“The Latino community and Latino history is a fundamental part of American history,” said Emily Key, director of education at the Smithsonian Latino Center. “And recognizing that and understanding that are key reasons why this month is important.”
Here’s why America commemorates Hispanic Heritage Month and what you should know about it.
Hispanic Heritage Month traces its history to 1968, when the observance was just a week long. President Lyndon B. Johnson signed a bill designating the week of September 15 as “National Hispanic Heritage Week,” according to the Office of the Historian and the Office of Art & Archives for the US House of Representatives
In the inaugural proclamation
, he wrote of the “great contribution to our national heritage made by our people of Hispanic descent — not only in the fields of culture, business, and science, but also through their valor in battle.”
“That was a period for sure, when Chicanos in the Southwest, Mexican Americans, Latinos across the country were demanding greater inclusion and representation politically, culturally, socially, economically — everything,” said Geraldo Cadava, professor of history and Latina and Latino Studies at Northwestern University and author of “The Hispanic Republican.”
“It was a demand for greater inclusion and representation and acknowledgment that Latinos play an important role in the United States,” he said.
It wasn’t until nearly 20 years later that Hispanic Heritage Week was lengthened to an entire month under President Ronald Reagan
Rep. Esteban Torres of California had submitted a bill to expand it, saying in remarks at the time, “We want the public to know that we share a legacy with the rest of the country, a legacy that includes artists, writers, Olympic champions, and leaders in business, government, cinema, and science.”

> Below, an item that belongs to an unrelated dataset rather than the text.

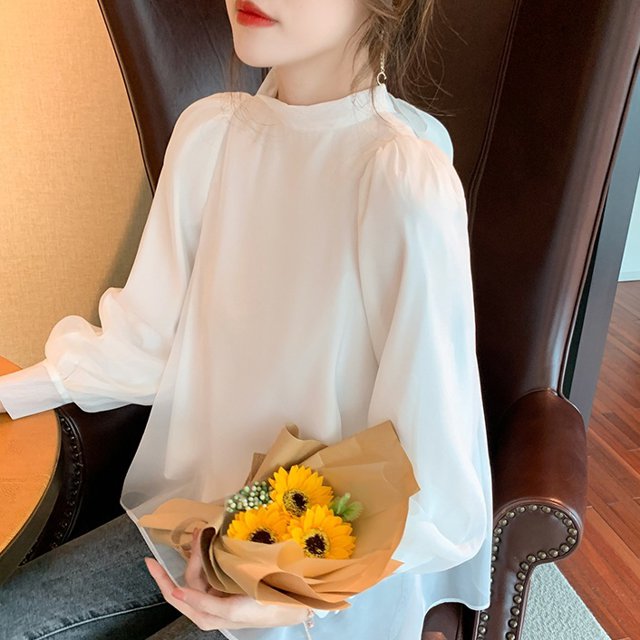 トップス シャツ プルオーバー ミディアム丈 長袖 ハイネック バックリボン シースルー かわいい 大人可愛い きれいめ シンプル 上品の通販は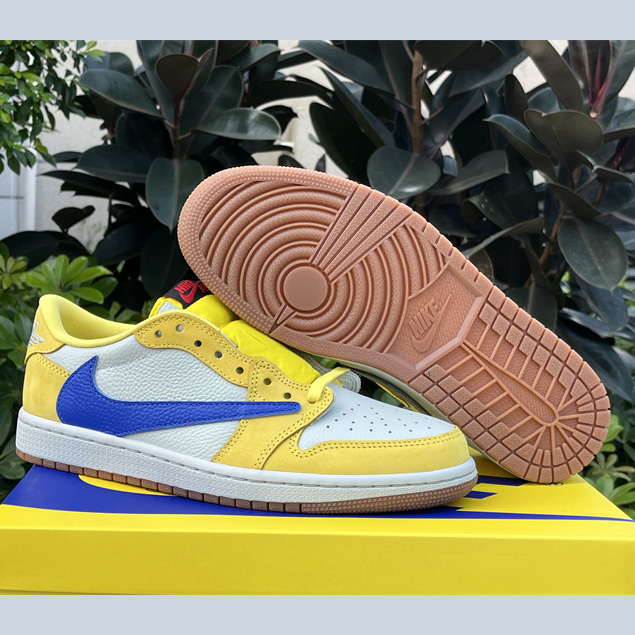 Travis Scott x Air Jordan 1 Low Canary Sneaker      DZ4137-700 - FashionPlug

Torres’ bill died in committee, but Sen. Paul Simon of Illinois submitted a similar bill that Reagan signed into law.
The contributions of Hispanics and Latinos to the United States are long and storied: Key pointed out that the first known colony in America was not Jamestown, but the Spanish colony of St. Augustine in Florida.
“Hispanics or Latinos … have fought in every war since the American Revolution,” she said. “They are business owners and veterans and teachers and public servants.”
She added, “Latinos are Americans, and they form part of this American fabric.”
A growing population
But Hispanic Heritage Month is a chance for the country to acknowledge not only the rich history of its diverse Hispanic communities, but who they are today, said Felix Sanchez, chairman of the National Hispanic Foundation for the Arts.
“Hispanic Heritage Month gives us an opportunity to update the American people as to who Latinos are today,” he said, “to provide a contemporary context for all of our communities that are very different, that are part of the Latino ecosystem.”
Part of that contemporary context is the fact that Hispanics and Latinos make up an increasing portion of the overall US population.
The 2020 US Census showed
that Hispanics and Latinos make up a fast-growing, multiracial group: In 2020, 62.1 million people identified as Hispanic or Latino — 18% of the US population. That number had grown 23% since 2010. Comparatively, the US population not of Hispanic or Latino origin grew just 4.3%, census data shows.
Between 2010 and 2020, just over half of the total US population growth — 51.1% — was due to growth among Hispanics or Latinos, per the Census Bureau.
This growth is just another reason why Hispanic Heritage Month is important, Key said. “If you’re 18% or so of the population, then you should also have representation, and we should celebrate and understand these communities that make up a large portion of the country’s population.”
Observing Hispanic Heritage Month
There are lots of ways to acknowledge Hispanic Heritage Month, whether it’s engaging with books, films, documentaries — suggestions from Cadava include PBS’ documentary series on Latino America
or the podcast “Latino USA”
— or live programming related to Hispanics and Latinos and their history in the United States.
“If that means in your local community, going to a Mexican Independence parade, of which there are many across the country, you should do that,” he said.
Alternatively, museums like the Smithsonian have events and online learning resources
for families to use as guided learning on Latinos and their communities, including profiles of Latino patriots
in military history. People can also visit local museums, she said, that have Latino content and collections.
Or you can just speak with people in your neighborhood, Key said. “Talk to a friend, talk to a classmate, talk to a neighbor, talk to your grocer, or your local restaurant where you get your favorite tacos,” she said.
“People like to share about their culture and their communities. … Learn about who they are and why they are in the neighborhoods they’re in, and discover that we probably share more in common than we think.”
It’s important to note, experts said, that you can recognize and acknowledge that heritage at all times of the year, outside of the 30-day period between September 15 and October 15. Hispanic Heritage Month is a “month of introduction” or an “entry point,” Key said, to learn more about your neighbors, classmates and colleagues and their heritage.
“Ideally, Hispanic Heritage Month would be unnecessary,” Cadava said, adding, “Do you need a month that is essentially American History Month, when Latino heritage, Hispanic heritage and American heritage meant the same thing?”
Sanchez echoed that, telling CNN, “Hispanic Heritage Month is an opportunity for both the Latino community to reinforce its accomplishments but also to extend beyond the Latino community, to remind all Americans that we are American.”